Scraped caption text data
=====

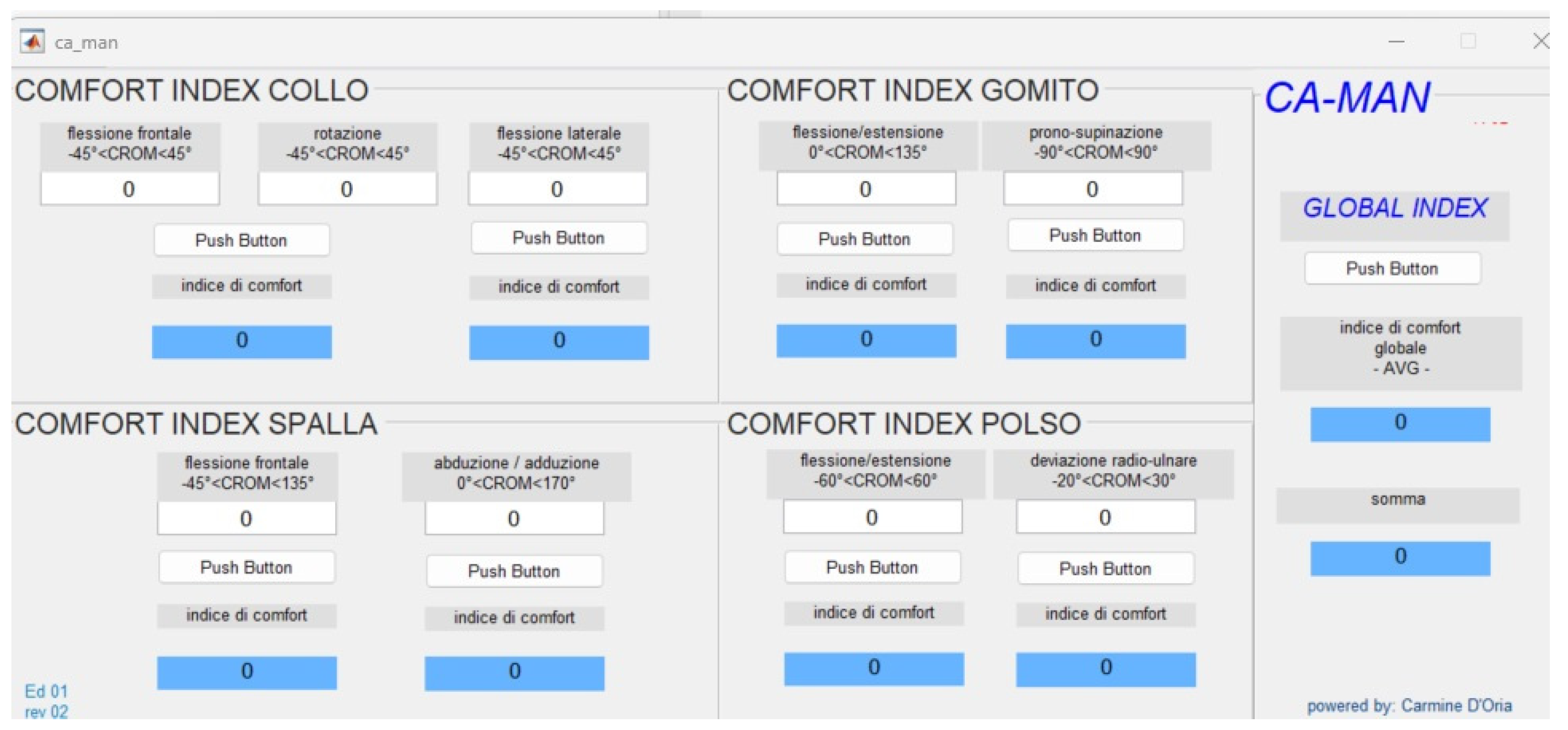 Applsci 14 02398 g005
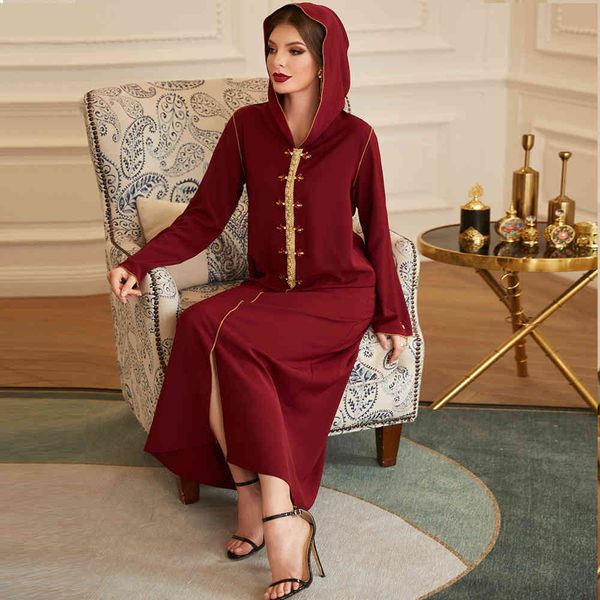 casual dresses eid abayas for women dubai abaya turkey muslim maxi hijab dress caftan marocain moroccan kaftan de moda musulmana d, Black;gray
casual dresses eid abayas for women dubai abaya turkey muslim maxi hijab dress caftan marocain moroccan kaftan de moda musulmana d, Black;gray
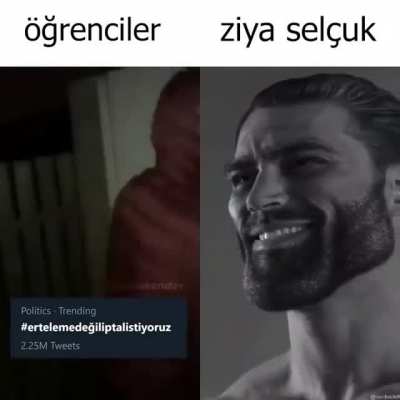 Arkadaşlar Ttler 2.70 den 2.7 ye düştü umudunuzu yitirmeyin lütfen
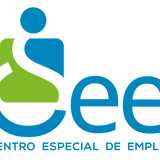 Seringlobal S. avatar icon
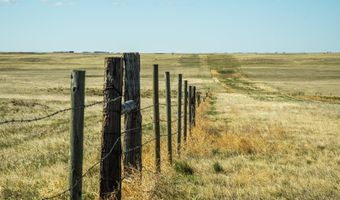 1778 County Road 146, Burns, WY 82053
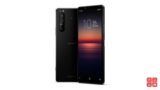 Sony Xperia 1 II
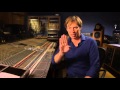Restoration of The Beatles 1 Video Collection: Part 4/5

=====

DIRECTIONS FOR THIS TASK » Transcribe every entry exactly, omitting pictures.

OUTPUT OF THE TASK »
 Applsci 14 02398 g005
 casual dresses eid abayas for women dubai abaya turkey muslim maxi hijab dress caftan marocain moroccan kaftan de moda musulmana d, Black;gray
casual dresses eid abayas for women dubai abaya turkey muslim maxi hijab dress caftan marocain moroccan kaftan de moda musulmana d, Black;gray
 Arkadaşlar Ttler 2.70 den 2.7 ye düştü umudunuzu yitirmeyin lütfen
 Seringlobal S. avatar icon
 1778 County Road 146, Burns, WY 82053
 Sony Xperia 1 II
Restoration of The Beatles 1 Video Collection: Part 4/5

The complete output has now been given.